Día de la Danza

Lo guardo todo. O todo lo que puedo. Por eso sé que con trece años fui al teatro a ver un ballet. No había estado nunca en un teatro y fue como entrar en un lugar mágico y misterioso. Bailaba mi hermana y sus compañeras. Me coloqué en los palcos de la izquierda, llevaba un pantalón azul marino y un moño de bailarina, exactamente igual al que tenía mi hermana. No sé por qué motivo que, sin tener una foto de ese momento, me acuerdo de estos detalles. La actuación de las chicas de Vecindario resultó un éxito. También lo recuerdo. Supongo que, viniendo de un pueblo de viento y de aparceros, nadie apostaba por ellas. Hace años los pueblos eran pueblos. Las ciudades, ciudades.
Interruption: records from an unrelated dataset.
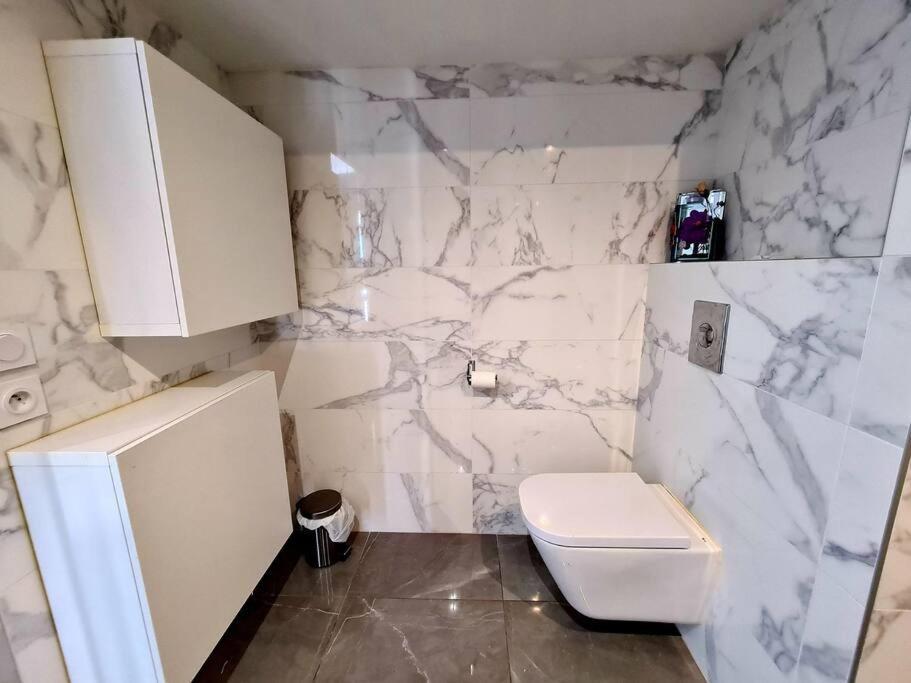 Grand Appartement Avec Vue Magnifique - Vercors - Une Experience Unique - Wifi Gratuit Grenoble Exterior foto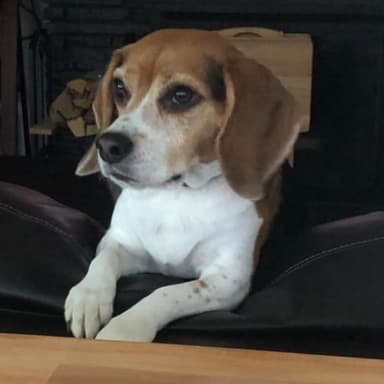 Jennifer Northey Chevalier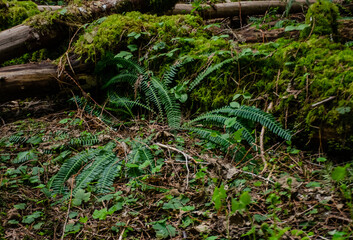 Swamp plants, mosses and ferns in a damp forest.  Washington State
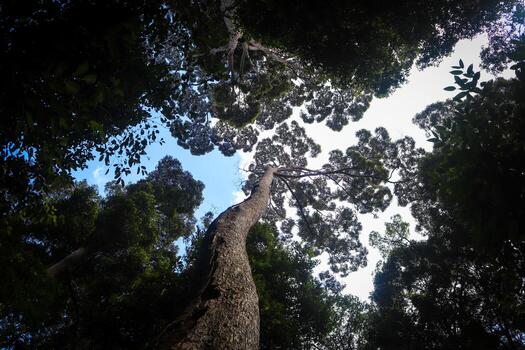 landscape images, green nature, trees photo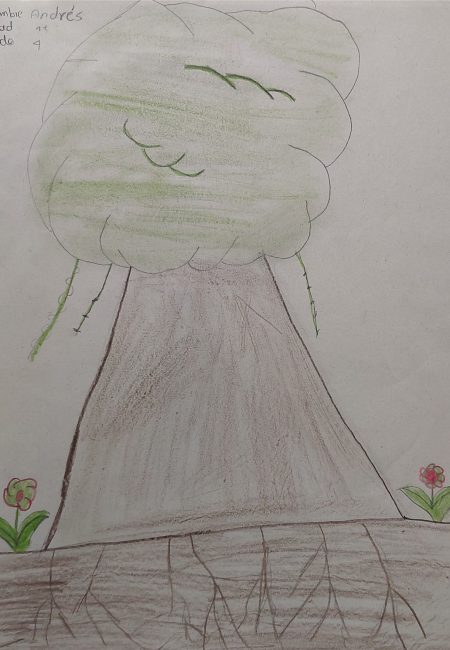 IE de Comercio Sede Niño Jesús de Praga-miala
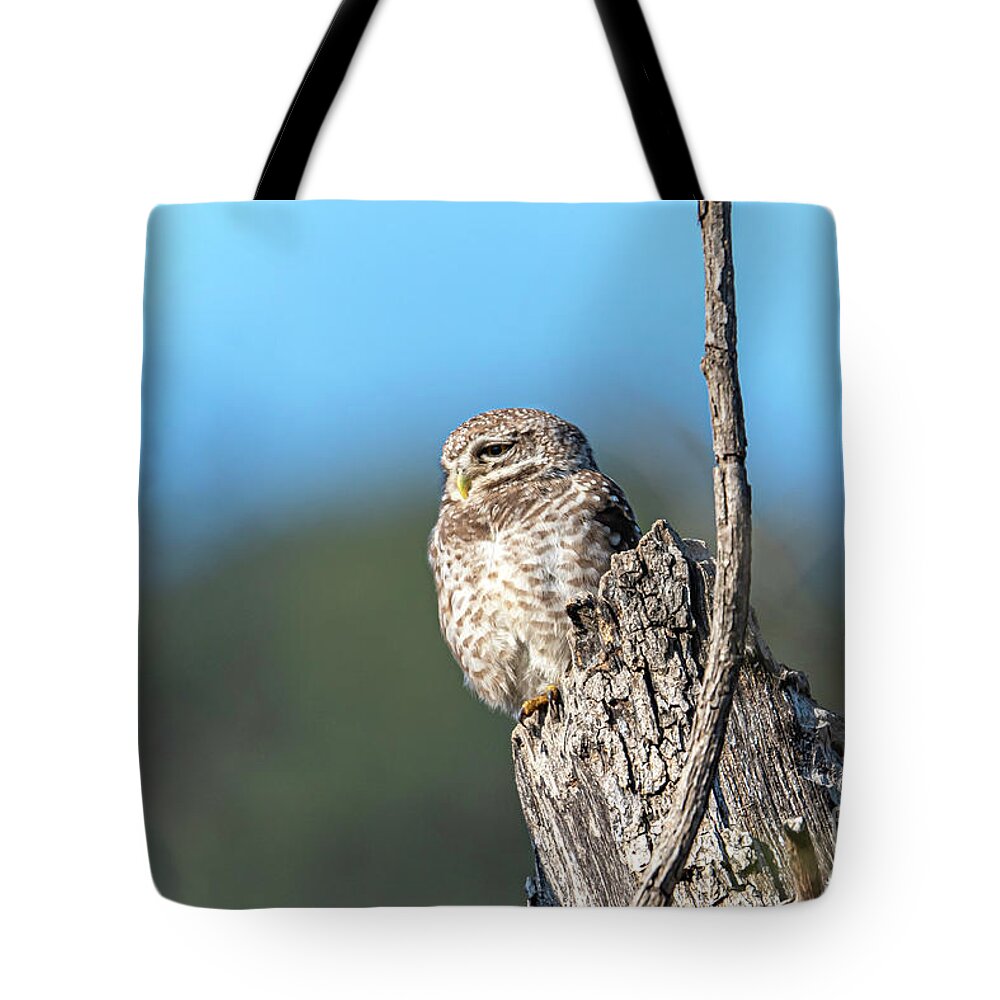 Animal Tote Bag featuring the digital art Owl on a stump by Pravine Chester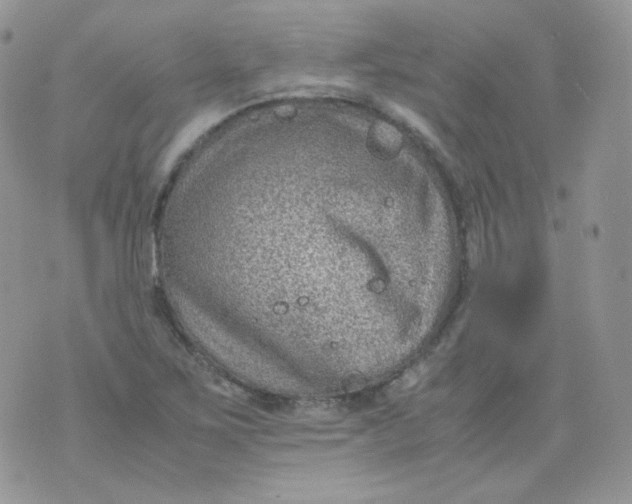 X0000070371267200606301847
Al día siguiente, cuando mi madre me preparaba el desayuno, insistí para que me apuntara en clases de ballet. Ella no quería. Mi cuerpo era muy débil y podía lesionarme. Pero insistí, volví a insistir, lloré, me quejé. Terminé convenciendo a mi madre. Di ese primer paso con trece años. La danza, como la vida, consiste en dar un primer paso y dejarte llevar por esa capacidad que tiene de decírtelo todo desde la esencia más absoluta. Esos pasos hilvanan palabras, pensamientos, soledades. Requieren esfuerzo, destreza y sensibilidad. La danza es por encima de todo, comunicación, siendo el cuerpo el que expresa. El cuerpo nunca miente. La danza es tan simple que su vocabulario lo entiende un anciano o un niño pequeño. No es de nadie, no tiene fronteras, y cualquiera puede acercarse a ella.
Han pasado treinta y dos años, ahora sí estoy débil, no puedo bailar, pero ella es la que pone orden dentro de mi propio caos. El teatro sigue siendo mágico y misterioso.